The society in which I grew up, unfettering itself after years of colonialism, and my cosmopolitan family, are what influenced my lack of desire or need to consider wearing the hijab. I always felt my father was proud of me no matter what. I did not need to show the world I was a Muslim; he believed it was inherent, as do I. In a country where not many women spent time following pursuits outside the home, I rode horses, swam, and sang at school concerts. My parents’ personal cultural and religious values shaped me, and allowed me to grow as a multifaceted person and not a person narrowly defined by my religion.
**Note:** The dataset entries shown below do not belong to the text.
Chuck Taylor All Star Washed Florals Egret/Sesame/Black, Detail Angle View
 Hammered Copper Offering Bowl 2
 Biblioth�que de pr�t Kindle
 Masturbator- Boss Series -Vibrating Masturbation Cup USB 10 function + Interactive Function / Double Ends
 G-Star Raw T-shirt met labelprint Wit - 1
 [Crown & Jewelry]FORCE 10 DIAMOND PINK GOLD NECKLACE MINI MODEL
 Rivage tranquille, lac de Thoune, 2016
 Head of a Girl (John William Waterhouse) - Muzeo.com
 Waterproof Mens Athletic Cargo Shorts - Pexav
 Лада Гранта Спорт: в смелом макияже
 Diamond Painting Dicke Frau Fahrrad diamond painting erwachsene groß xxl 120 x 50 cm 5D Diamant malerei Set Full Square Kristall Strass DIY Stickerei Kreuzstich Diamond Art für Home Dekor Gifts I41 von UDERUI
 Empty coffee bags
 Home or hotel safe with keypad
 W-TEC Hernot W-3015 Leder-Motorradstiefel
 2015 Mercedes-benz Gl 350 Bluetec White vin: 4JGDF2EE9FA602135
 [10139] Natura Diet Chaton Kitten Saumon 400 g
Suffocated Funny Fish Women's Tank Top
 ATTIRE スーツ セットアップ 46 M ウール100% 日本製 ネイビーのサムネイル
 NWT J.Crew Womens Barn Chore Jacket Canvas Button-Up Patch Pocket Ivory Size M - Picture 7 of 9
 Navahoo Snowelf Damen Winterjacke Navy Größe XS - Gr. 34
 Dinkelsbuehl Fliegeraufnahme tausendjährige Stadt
What I was able to take from both religions was what I wish more people would do today: the need to be a good person, to care about others, and to be tolerant of all differences.
My personal view of the hijab has not changed as I have grown older. In fact, as I have further researched this issue, the more I realize the entire discussion is more about culture, society, and politics than any religious edict. Therefore, when I see a woman wearing the hijab, I know not to assume that she is a certain type of woman based on that outer garb, because the hijab, although a personal choice, is also influenced by her family and the world in which she lives.